Gestern gesehen und ich fand ihn den bisher besten Streifen der Phase 2. Übrigens muss Captain America auch nicht immer nur Pathos und Schmalz sein. Dachte ich auch immer aber auch in den Comics gibt es immer wieder mal Handlungsstränge, wo er eben nicht mehr das Amerika sieht, das er vertreten möchte. Klar, was die Werte angeht, ist er der Superschmalzer und Idealist aber genau das bringt ihn auch oft in Gewissenskonflikte mit Politikern und co.

Der Winter Soldier Film hat eigentlich wenig Patriotisches drin. Cap ist da eher ein Jack Bauer mit Superserum.


----------



## OldShatterhand (1. April 2014)

Ich bin immer noch der Meinung, dass Chris Evans einfach nur der falsche für die Rolle ist. Der sieht mir zu sehr nach nem Beachboy aus, ich würde mir da nen härteren, kantigeren Kerl wünschen. So den John Wayne Typ etwa.
Sonst gefiel mir der erste aber ganz gut.

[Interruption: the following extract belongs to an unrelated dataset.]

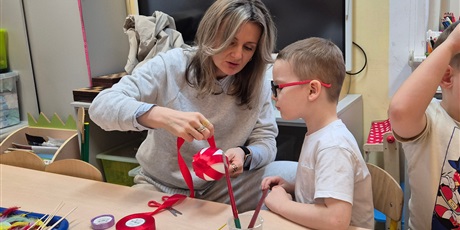 Powiększ grafikę: Warsztaty wiosenne z rodzicami w grupie Żuczki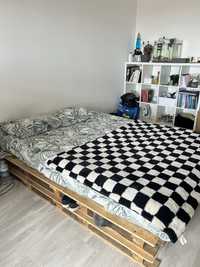 Cama de palate (com colchao ikea)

Vor allem der Anfang mit dem "skinny-steve". Patriotismus made in USA gibts ja fast in jedem Film, man denke nur an die Iron Patriot Rüstung aus Iron Man 3 oder Spider-Man 3, wo Spidey geradezu peinlich und demonstrativ an der US-Flagge vorbei hüpft.


----------



## Rabowke (1. April 2014)

Du bist ja nur neidisch das Chris schon The Torch *und *Cpt. America gespielt hat!  

Was allerdings Iron Man 3 betrifft, IMO ist ja die Iron Patriot Rüstung in der Tat den Comics nachempfunden ... die peinliche Szene mit Spidey hat wiederum nichts mit den Comics zutun. 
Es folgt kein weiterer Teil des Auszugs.